[Source records]
------------------------------------------------
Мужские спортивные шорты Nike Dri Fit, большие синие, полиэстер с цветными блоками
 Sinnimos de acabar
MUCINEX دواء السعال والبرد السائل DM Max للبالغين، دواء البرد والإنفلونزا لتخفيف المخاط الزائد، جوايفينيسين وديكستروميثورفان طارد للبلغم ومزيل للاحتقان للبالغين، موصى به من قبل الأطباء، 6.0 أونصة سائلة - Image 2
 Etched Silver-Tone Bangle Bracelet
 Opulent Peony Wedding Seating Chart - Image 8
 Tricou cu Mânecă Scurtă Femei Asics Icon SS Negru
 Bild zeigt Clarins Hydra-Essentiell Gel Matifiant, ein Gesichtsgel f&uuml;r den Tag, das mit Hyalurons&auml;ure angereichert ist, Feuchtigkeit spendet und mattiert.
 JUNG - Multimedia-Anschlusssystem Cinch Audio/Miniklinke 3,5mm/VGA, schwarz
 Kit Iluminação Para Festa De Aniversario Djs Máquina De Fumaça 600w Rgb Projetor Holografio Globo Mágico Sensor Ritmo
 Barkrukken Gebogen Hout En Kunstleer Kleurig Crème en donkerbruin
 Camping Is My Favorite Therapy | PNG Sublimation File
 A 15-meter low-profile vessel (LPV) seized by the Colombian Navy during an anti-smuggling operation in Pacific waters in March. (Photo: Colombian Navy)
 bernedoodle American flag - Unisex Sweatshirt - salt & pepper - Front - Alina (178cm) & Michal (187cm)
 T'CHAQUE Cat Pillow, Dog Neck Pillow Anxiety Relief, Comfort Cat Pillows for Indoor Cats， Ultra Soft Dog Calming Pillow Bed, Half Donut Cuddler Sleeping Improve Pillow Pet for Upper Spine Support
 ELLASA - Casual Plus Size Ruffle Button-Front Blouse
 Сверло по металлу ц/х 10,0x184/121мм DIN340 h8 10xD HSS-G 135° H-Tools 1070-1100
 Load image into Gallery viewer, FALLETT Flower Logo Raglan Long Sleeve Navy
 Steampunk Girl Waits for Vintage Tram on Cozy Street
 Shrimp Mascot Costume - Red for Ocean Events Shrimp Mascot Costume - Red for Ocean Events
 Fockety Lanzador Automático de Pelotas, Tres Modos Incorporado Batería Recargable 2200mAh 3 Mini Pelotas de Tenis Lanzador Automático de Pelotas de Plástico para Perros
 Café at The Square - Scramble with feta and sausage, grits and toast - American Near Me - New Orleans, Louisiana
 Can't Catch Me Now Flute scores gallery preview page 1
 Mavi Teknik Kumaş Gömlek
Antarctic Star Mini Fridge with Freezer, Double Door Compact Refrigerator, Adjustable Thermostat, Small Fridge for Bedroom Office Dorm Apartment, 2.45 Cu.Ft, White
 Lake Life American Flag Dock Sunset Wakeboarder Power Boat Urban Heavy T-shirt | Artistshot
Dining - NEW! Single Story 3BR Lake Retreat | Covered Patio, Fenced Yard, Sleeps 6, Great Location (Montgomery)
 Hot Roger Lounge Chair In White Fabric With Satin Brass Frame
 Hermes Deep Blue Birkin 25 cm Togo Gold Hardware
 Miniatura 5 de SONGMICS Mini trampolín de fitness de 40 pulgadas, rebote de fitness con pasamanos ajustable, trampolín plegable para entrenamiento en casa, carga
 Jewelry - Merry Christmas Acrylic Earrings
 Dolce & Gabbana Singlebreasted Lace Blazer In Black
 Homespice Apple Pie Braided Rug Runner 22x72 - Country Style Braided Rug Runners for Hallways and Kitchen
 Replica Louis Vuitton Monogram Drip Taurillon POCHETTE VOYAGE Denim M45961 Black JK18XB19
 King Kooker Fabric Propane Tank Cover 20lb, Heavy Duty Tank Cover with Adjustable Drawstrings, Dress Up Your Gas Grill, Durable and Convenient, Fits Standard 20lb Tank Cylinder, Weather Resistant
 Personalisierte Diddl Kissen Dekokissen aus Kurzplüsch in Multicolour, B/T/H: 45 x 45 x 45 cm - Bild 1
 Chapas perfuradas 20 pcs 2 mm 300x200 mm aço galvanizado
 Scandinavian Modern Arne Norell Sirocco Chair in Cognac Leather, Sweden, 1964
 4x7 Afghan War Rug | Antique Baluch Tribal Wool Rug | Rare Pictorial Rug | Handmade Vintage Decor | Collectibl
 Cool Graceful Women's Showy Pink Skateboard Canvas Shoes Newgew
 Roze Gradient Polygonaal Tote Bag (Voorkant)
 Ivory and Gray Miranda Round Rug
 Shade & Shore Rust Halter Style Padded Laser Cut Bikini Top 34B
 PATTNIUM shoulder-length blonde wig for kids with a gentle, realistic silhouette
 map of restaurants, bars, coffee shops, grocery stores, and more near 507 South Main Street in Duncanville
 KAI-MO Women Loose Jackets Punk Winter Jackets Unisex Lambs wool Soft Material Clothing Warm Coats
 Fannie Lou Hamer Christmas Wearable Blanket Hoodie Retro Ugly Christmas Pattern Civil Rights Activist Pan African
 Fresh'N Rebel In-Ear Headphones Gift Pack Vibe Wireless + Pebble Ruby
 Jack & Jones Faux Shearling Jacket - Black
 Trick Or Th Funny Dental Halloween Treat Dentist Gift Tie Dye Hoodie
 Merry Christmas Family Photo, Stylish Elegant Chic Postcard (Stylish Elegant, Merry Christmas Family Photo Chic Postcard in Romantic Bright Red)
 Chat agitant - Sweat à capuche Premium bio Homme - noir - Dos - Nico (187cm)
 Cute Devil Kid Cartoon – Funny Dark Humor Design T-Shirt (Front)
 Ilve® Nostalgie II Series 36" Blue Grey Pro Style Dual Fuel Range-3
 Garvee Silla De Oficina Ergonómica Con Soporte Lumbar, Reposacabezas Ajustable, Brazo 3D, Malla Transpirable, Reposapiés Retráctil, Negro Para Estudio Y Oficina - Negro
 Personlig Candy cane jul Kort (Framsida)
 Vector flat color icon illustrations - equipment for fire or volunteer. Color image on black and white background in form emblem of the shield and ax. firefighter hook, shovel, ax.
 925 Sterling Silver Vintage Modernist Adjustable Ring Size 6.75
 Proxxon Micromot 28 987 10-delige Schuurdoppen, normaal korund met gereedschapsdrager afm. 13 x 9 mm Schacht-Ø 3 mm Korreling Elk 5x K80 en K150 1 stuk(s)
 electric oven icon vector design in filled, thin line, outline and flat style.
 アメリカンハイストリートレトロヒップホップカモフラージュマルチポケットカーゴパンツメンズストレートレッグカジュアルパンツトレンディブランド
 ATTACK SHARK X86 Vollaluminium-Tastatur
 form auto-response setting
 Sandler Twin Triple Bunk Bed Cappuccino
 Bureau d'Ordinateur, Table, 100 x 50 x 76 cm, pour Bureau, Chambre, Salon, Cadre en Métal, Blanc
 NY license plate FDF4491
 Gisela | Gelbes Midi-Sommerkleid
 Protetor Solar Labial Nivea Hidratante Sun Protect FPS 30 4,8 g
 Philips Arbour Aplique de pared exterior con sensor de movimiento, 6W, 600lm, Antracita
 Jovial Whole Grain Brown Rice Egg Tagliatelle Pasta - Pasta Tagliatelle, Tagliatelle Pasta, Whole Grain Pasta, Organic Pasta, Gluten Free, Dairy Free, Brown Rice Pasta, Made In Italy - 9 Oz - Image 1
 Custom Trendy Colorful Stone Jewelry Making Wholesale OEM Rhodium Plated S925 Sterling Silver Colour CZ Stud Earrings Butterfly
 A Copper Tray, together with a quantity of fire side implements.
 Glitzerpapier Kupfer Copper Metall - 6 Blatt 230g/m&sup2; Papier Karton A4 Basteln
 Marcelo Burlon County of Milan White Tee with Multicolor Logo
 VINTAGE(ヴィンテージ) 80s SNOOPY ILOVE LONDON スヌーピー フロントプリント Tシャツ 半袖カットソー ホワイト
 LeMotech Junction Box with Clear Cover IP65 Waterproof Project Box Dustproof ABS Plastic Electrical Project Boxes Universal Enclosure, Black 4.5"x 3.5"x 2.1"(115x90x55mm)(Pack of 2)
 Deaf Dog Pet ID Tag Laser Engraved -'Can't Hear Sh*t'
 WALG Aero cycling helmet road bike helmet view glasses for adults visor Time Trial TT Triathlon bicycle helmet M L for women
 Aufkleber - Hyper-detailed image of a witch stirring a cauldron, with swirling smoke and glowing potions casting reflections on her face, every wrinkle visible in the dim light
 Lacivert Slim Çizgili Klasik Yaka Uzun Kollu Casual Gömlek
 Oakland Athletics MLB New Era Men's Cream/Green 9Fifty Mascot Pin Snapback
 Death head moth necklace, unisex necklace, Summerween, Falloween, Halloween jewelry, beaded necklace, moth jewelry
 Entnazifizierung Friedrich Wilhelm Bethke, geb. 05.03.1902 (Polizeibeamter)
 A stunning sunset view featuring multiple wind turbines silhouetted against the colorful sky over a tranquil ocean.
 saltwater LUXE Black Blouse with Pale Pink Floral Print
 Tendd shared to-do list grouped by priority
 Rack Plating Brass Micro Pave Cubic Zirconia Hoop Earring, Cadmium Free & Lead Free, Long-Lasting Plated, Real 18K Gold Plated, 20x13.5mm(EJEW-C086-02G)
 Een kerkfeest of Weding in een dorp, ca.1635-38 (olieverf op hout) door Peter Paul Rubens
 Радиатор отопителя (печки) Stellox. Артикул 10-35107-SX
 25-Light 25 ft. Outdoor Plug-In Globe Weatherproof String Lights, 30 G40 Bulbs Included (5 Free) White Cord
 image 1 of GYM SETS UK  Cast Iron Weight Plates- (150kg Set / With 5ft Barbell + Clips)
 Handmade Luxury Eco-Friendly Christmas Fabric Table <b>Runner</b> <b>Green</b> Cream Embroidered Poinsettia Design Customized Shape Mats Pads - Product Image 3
------------------------------------------------
Goal of the exercise = Transcribe, exactly as written, all lines of the entries above from the first to the one containing "Sinnimos de acabar", and no more.

Result of the exercise =
Мужские спортивные шорты Nike Dri Fit, большие синие, полиэстер с цветными блоками
 Sinnimos de acabar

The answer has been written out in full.